EXERCISE BRIEF – Everything in the listing below must be reproduced exactly, apart from its images.

ENTRIES PROVIDED –

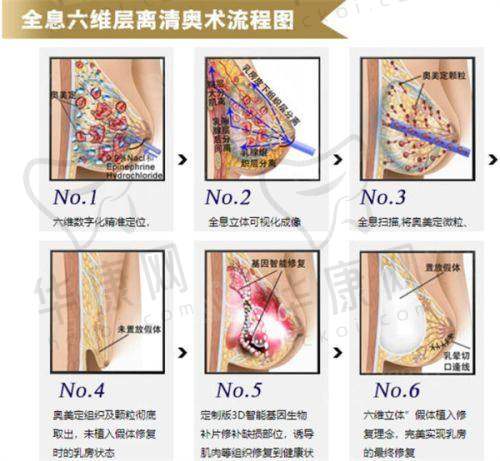沈阳杏林整形外科医院轻医美价格划算吗?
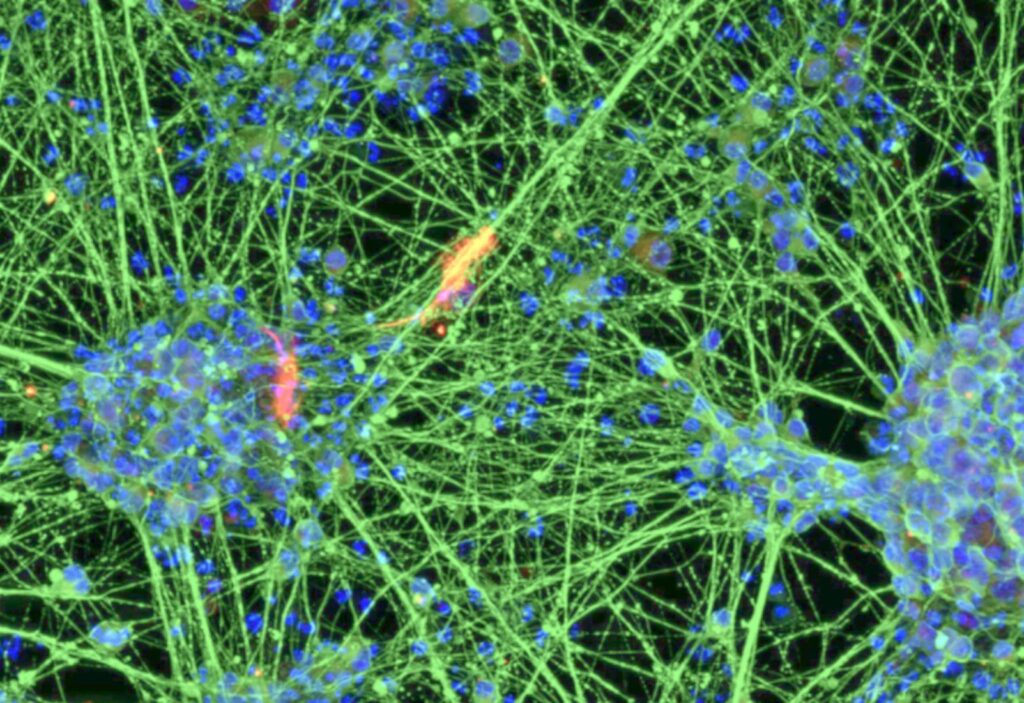 Fitta rete di neuroni al microscopio, con fibre verdi e nuclei blu, nati da staminali neurali ricavate dal sangue. Ringiovanimento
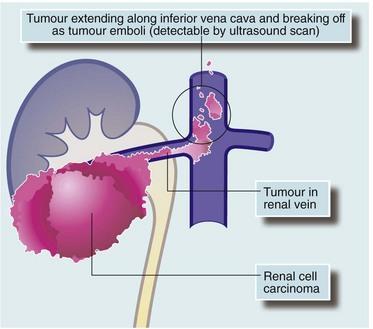 -k a vénákban is növekedhetnek Vesesejtes carcinoma (v. cava inf.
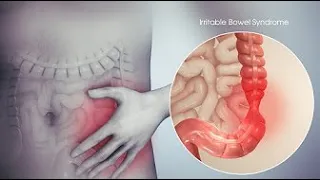 ❌ PARE de comer isso se você tem SÍNDROME DO INTESTINO IRRITÁVEL! - 2021/09/15 - Giovana Guido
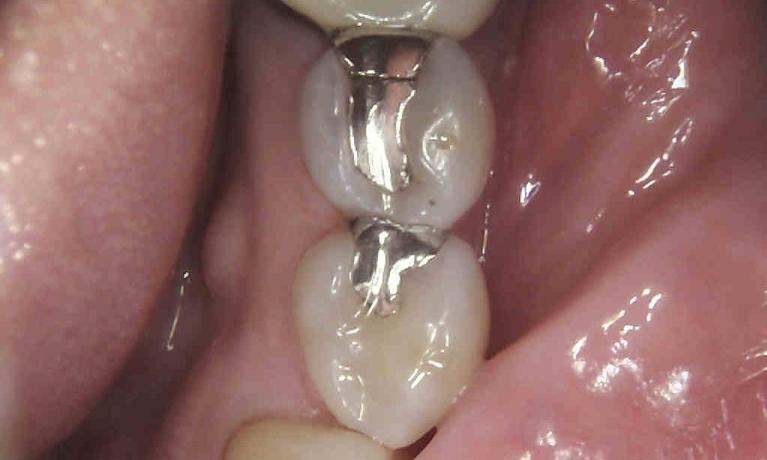 Silver-Filling-Replacement-with-Composite-Restoration-Before-Image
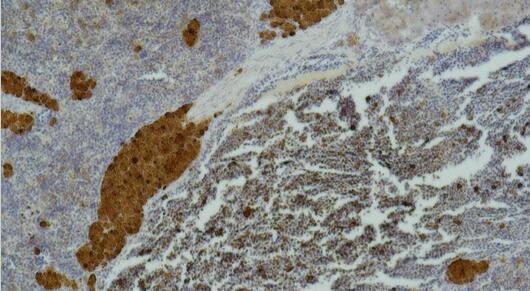CD25 Monoclonal Antibody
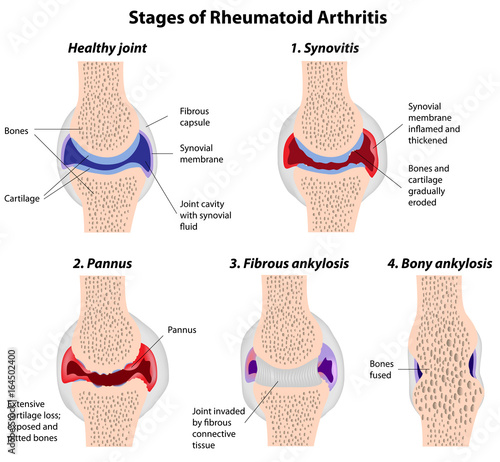 Stages of rheumatoid arthritis photo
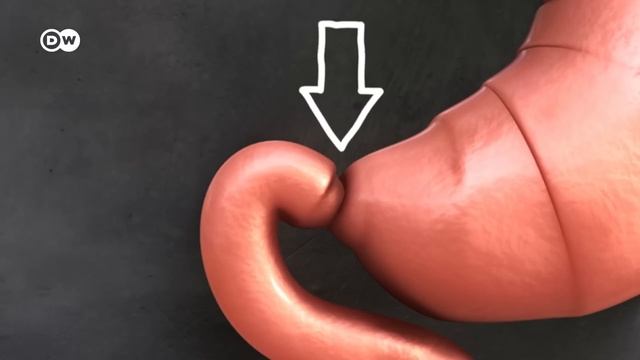 Cómo funciona el estómago | DW En forma смотреть онлайн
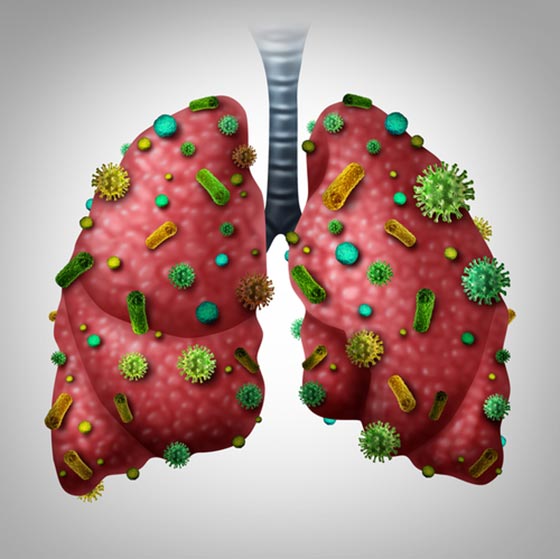 عفونت ریه چیست؟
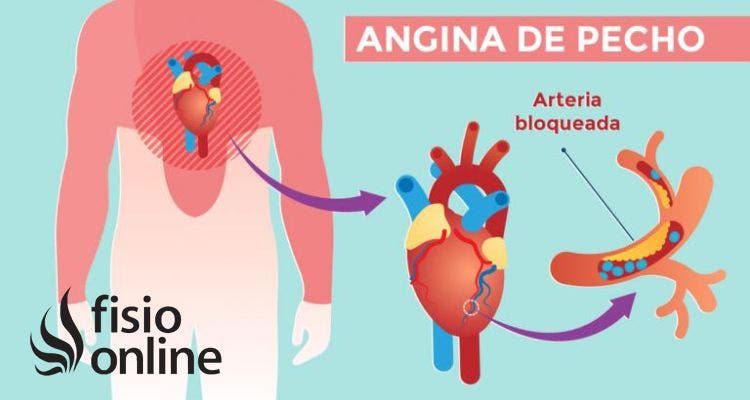 Angina de pecho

TASK RESULT –
沈阳杏林整形外科医院轻医美价格划算吗?
 Fitta rete di neuroni al microscopio, con fibre verdi e nuclei blu, nati da staminali neurali ricavate dal sangue. Ringiovanimento
 -k a vénákban is növekedhetnek Vesesejtes carcinoma (v. cava inf.
 ❌ PARE de comer isso se você tem SÍNDROME DO INTESTINO IRRITÁVEL! - 2021/09/15 - Giovana Guido
 Silver-Filling-Replacement-with-Composite-Restoration-Before-Image
CD25 Monoclonal Antibody
 Stages of rheumatoid arthritis photo
 Cómo funciona el estómago | DW En forma смотреть онлайн
 عفونت ریه چیست؟
 Angina de pecho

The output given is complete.